Kita juga dapat mengecek pada model pertama apakah sebelumnya sudah terdistribusi normal atau belum.
ks.test(error, "pnorm", 0, sd(residuals(model)))
##
## Asymptotic one-sample Kolmogorov-Smirnov test
##
## data: error
## D = 0.45656, p-value < 2.2e-16
## alternative hypothesis: two-sided
Ternyata pada model pertama, data tidak terdistribusi normal, oleh karena itu mentransformasi model adalah langkah yang tepat.
Selanjutnya kita dapat memeriksa apakah model memiliki autokorelasi dengan menggunakan syntax berikut.
plot(log.model, 1)
Ada sedikit lekukan pada garis merah (smooth line), tapi tidak terlalu kuat. Ini mungkin menunjukkan sedikit non-linearitas, oleh karena itu diperlukan pemeriksaan lebih lanjut, seperti menggunakan tes Durbin-Watson.
n<-dim(marketing)[1]
r<-cor(error[-1], error[-n])
DW<-2*(1-r)
DW
## [1] 1.819105
dU<-1.778
if(DW>dU && DW<4-dU){
cat("No Autocorrelation, DW =", DW)
} else {
cat("Autocorrelation exists, DW =", DW)
}
## No Autocorrelation, DW = 1.819105
dwtest(log.model) #model terbaru
##
## Durbin-Watson test
##
## data: log.model
## DW = 1.81, p-value = 0.08847
## alternative hypothesis: true autocorrelation is greater than 0
dwtest(model) #model awal
##
## Durbin-Watson test
##
## data: model
## DW = 1.9347, p-value = 0.3213
## alternative hypothesis: true autocorrelation is greater than 0
Dari tes Durbin-Watson yang dilakukan, nilai p-value ditemukan melalui function dari r, dimana nilainya lebih dari 0.05. Maka dapat disimpulkan tidak terdapat autokorelasi.

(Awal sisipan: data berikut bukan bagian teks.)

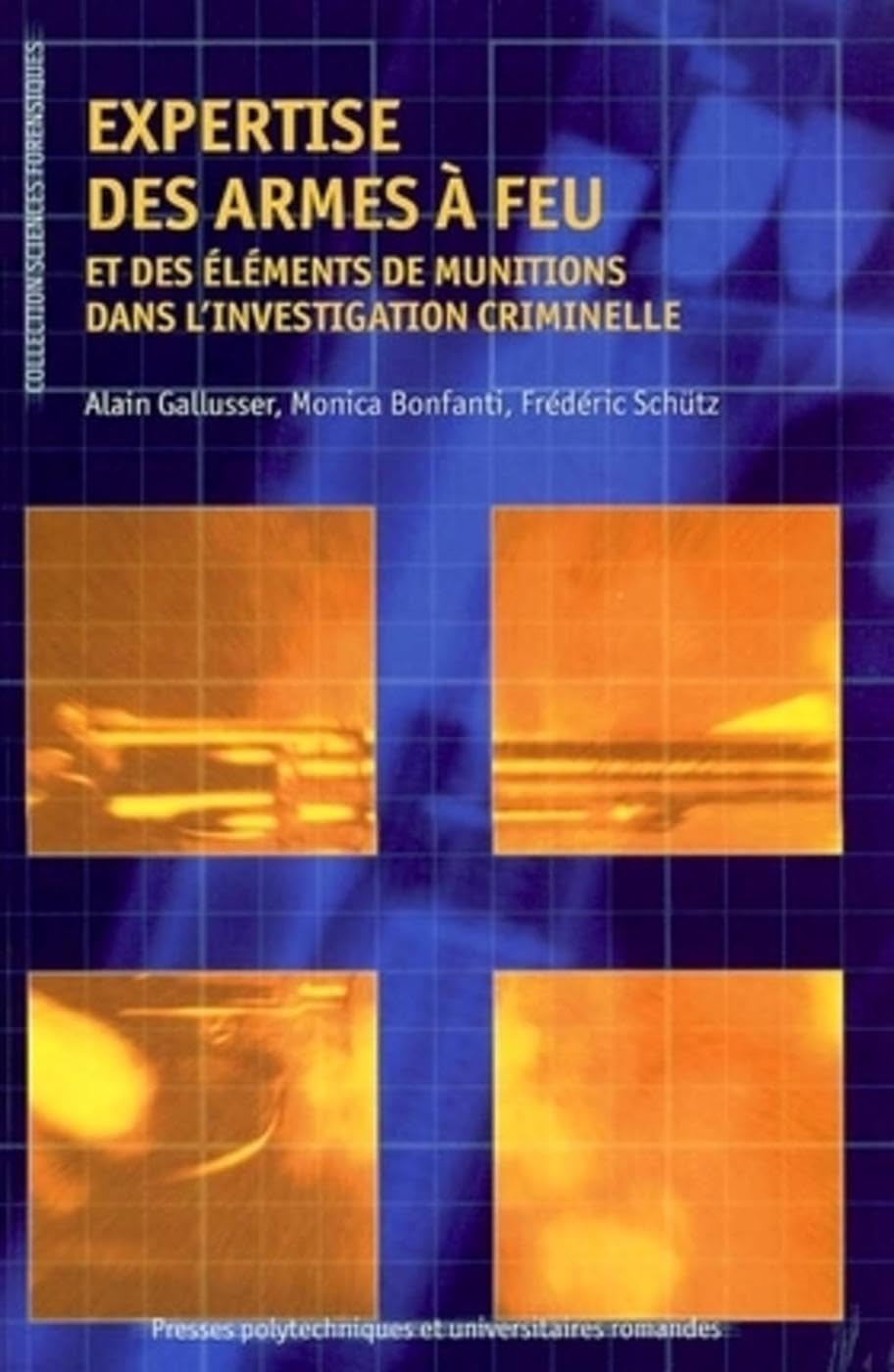 Expertise des armes à feu et des éléments de munitions dans l'investigation criminelle book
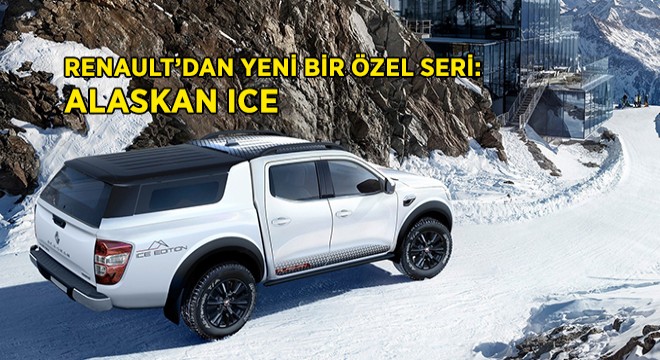 Renault’dan Yeni Özel Seri: Alaskan Ice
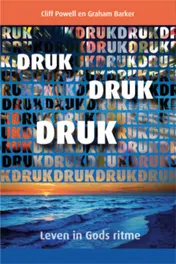 Omslag van Druk, druk, druk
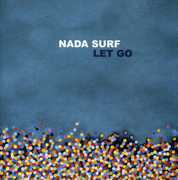 Let Go , Nada Surf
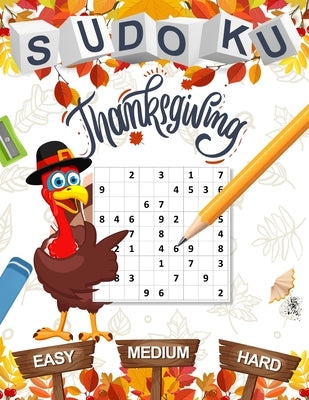 Sudoku Thanksgiving Easy Medium Hard: Thanksgiving Sudoku Puzzles Easy to Hard: 100 Sudoku puzzle book for Kids and Adults by Publishing, Carta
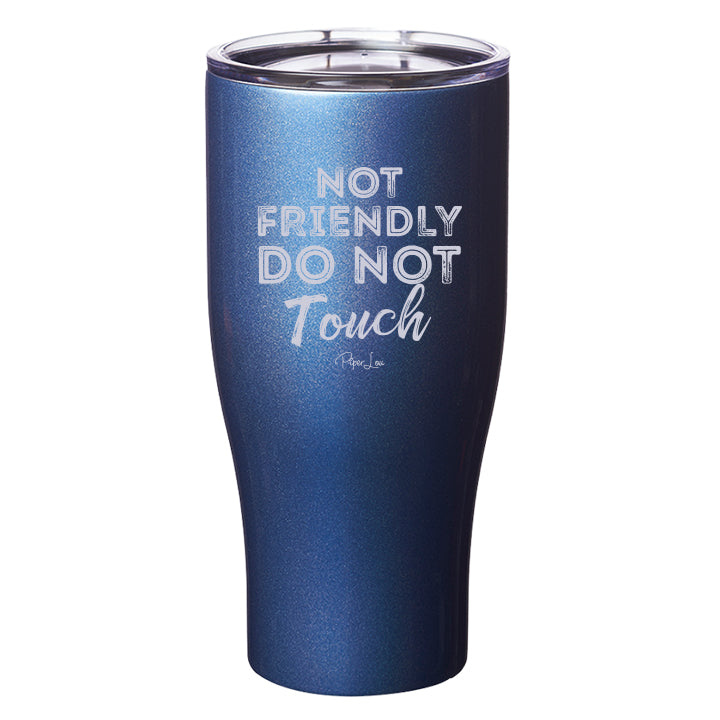 Clearance | Not Friendly Do Not Touch Laser Etched Tumbler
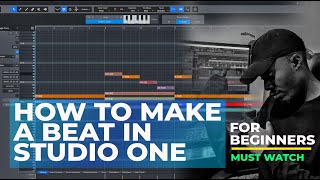 How To Make a Beat Using Studio one (For Beginners)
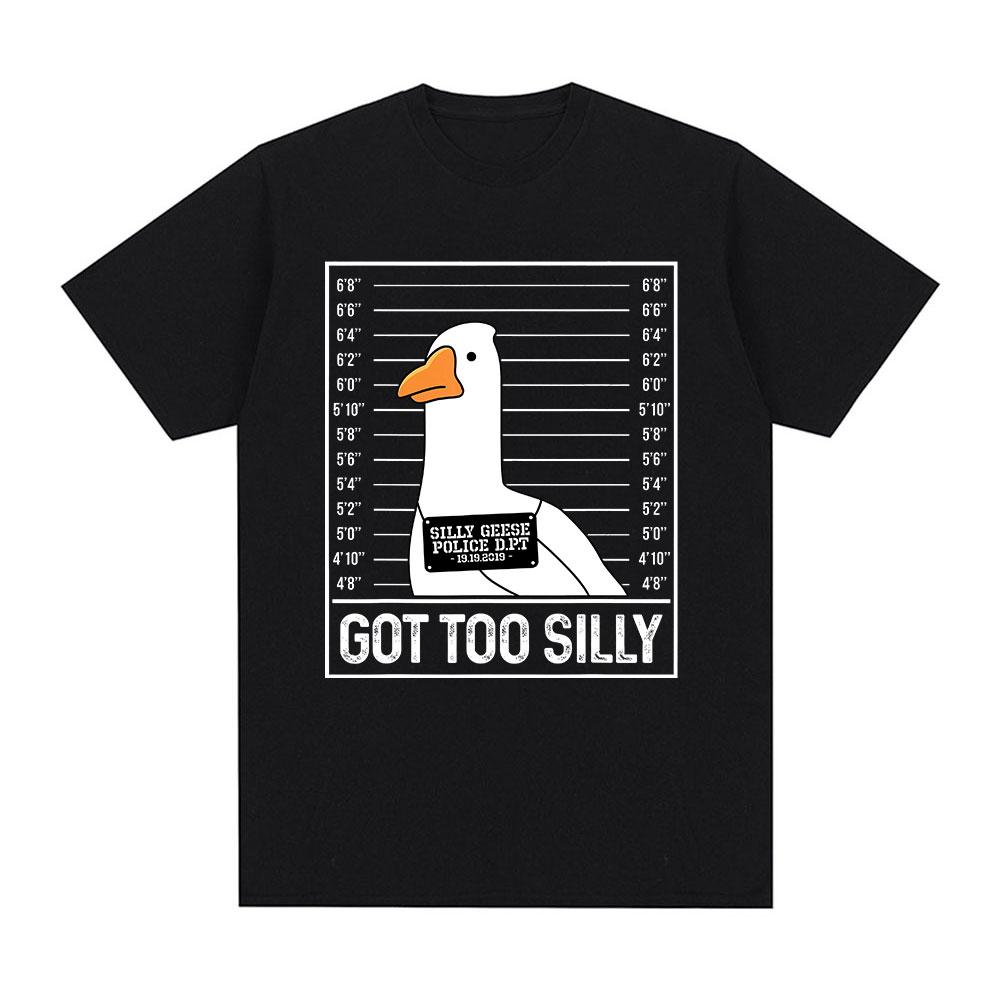Got Too Silly Funny Goose Meme T Shirt Men Women Clothing Fashion Harajuku Oversized T-shirts Causal Cotton Short Sleeve T-shirt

model.mlr<-lm(sales ~ youtube + facebook + newspaper, data = marketing)
model.mlr
##
## Call:
## lm(formula = sales ~ youtube + facebook + newspaper, data = marketing)
##
## Coefficients:
## (Intercept) youtube facebook newspaper
## 3.526667 0.045765 0.188530 -0.001037
Model persamaan linier yang didapatkan adalah sales = 3.527 + 0.046youtube + 0.188facebook − 0.001newspaper
Dari model tersebut, kita dapat memeriksa liniearitas.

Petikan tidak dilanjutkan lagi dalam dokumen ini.